The Income-Based Repayment Swap: A New Method for Funding Law School Education
Benjamin M. Leff
American University Washington College of Law
American University - Washington College of Law
July 9, 2013
The high cost of legal education and corresponding student debt levels is a subject of robust debate. Yet too few critics of degree cost show creativity in thinking about the optimal mechanism for funding a legal education. The traditional model for financing a legal education is that students borrow with (mostly) fixed-rate loans repayable soon after graduation. The federal government supplements loans with income-based repayment and loan forgiveness programs to protect students who have borrowed more than they can afford to pay back. The reach of these programs has expanded dramatically in recent years, with the programs covering 1.3 million graduates owing around $72 billion as of the first quarter of 2014, with every indication that those figures will grow dramatically unless the programs are modified. A significant segment of those who depend on income-based repayment and loan forgiveness programs will be law students, because those are among the students with the highest levels of qualifying debt.

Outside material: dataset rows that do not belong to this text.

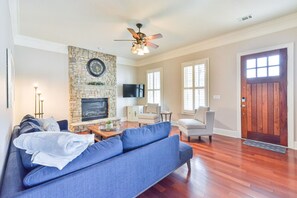 Smart TV, fireplace - Stunning Home in Atlantic Station - Sleeps 12 ! (Atlanta)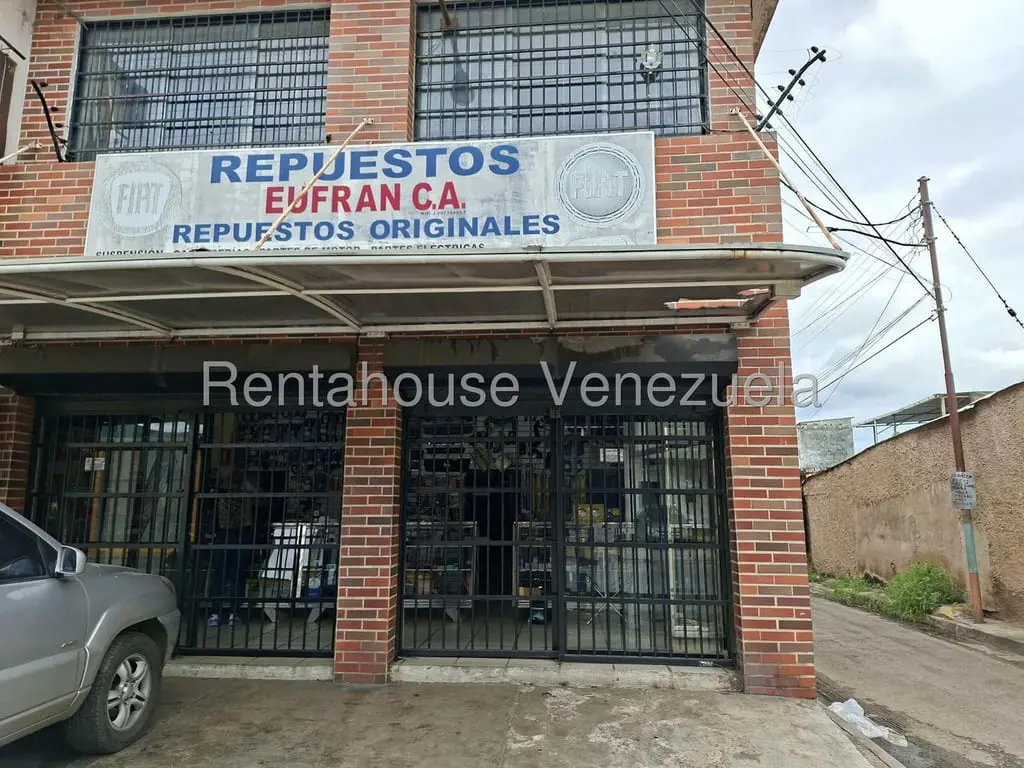 Commercial space in Michelena, Valencia - 1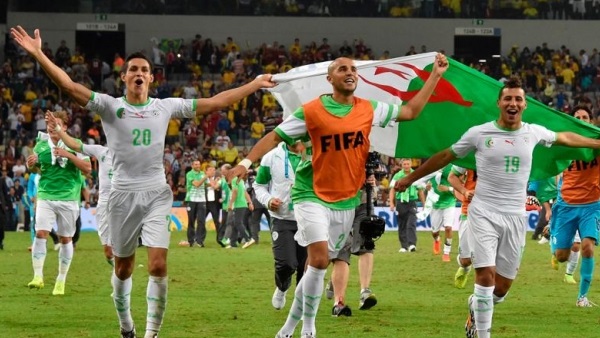 الجزائريون يكتسحون قائمة أفضل لاعب في إفريقيا الجزائريون يكتسحون قائمة أفضل لاعب في إفريقيا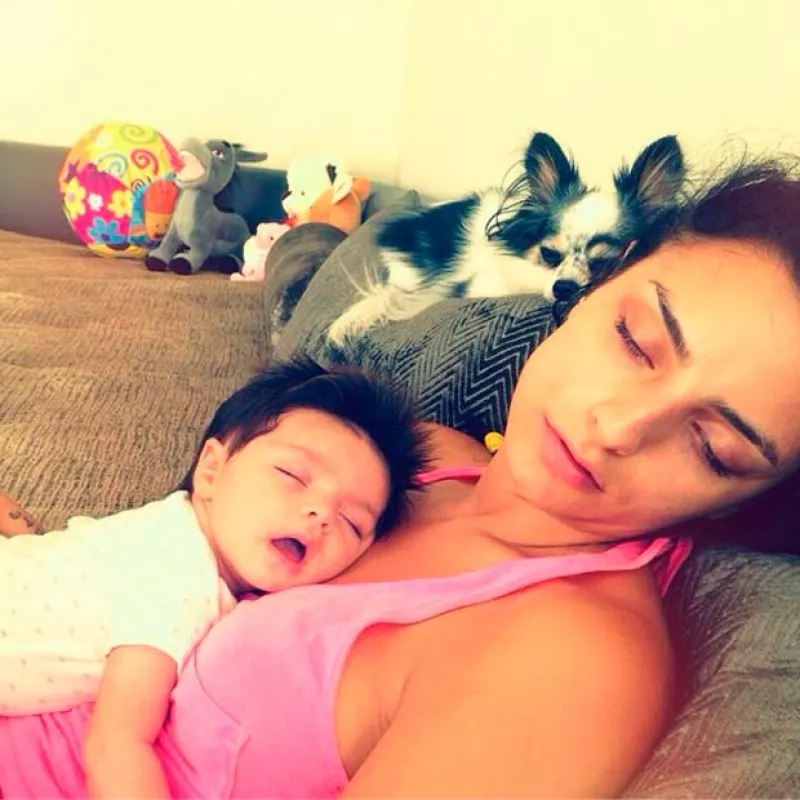 La actriz publicó en Instagram una encantadora fotografía en la que vemos a las hermanas dormir plácidamente en compañía de su mascota.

For over half a century, some critics have argued that private income-based repayment instruments, traditionally called “human capital contracts,” would do a better job than debt in creating a market for education financing, especially for graduate professional schools. Recently, proponents of human capital contracts have been arguing not only that such instruments would do a better job than debt of raising capital for students wishing to obtain an education, but that a vibrant market for human capital contracts (sometimes called “income share agreements”) could provide benefits that governmental IBR programs fail to provide. For example, they argue that human capital contracts could remove incentives for students to over-borrow, diminish law schools’ price insensitivity, and provide market data to students about the financial value of their education. But proponents of human capital contracts point out that there are legal and practical impediments to the development of a market for human capital contracts.
This Article proposes — and explores the implications of — a new model of law-school financing called an income-based repayment swap (“IBR Swap”). Under an IBR Swap, students still borrow money from a bank or the government to pay for their legal education. But students then enter into contracts with a financial institution under which the institution agrees to make the students’ loan payments and the student agrees to pay the institution a percentage of his or her income. The IBR Swap is a student’s exchange of a fixed obligation to lenders for an income-based obligation to a financial institution. The parties exchange no money upfront. The IBR Swap has all the benefits of human capital contracts, but greatly diminishes the primary practical impediment: repayment risk, and does not suffer from the same legal barriers. Thus, unlike a human capital contract or income share agreement, a market for IBR Swaps could be created with no changes to current law. However, the IBR Swap (like human capital contracts) raises concerns as well, including legal, distributional, and ethical ones. This Article presents the IBR Swap in order to incite critical consideration of both the potential and the limitations of private-market mechanisms for law school finance. As such, it should advance assessment of what is the most impactful role for the government in ensuring access to law school.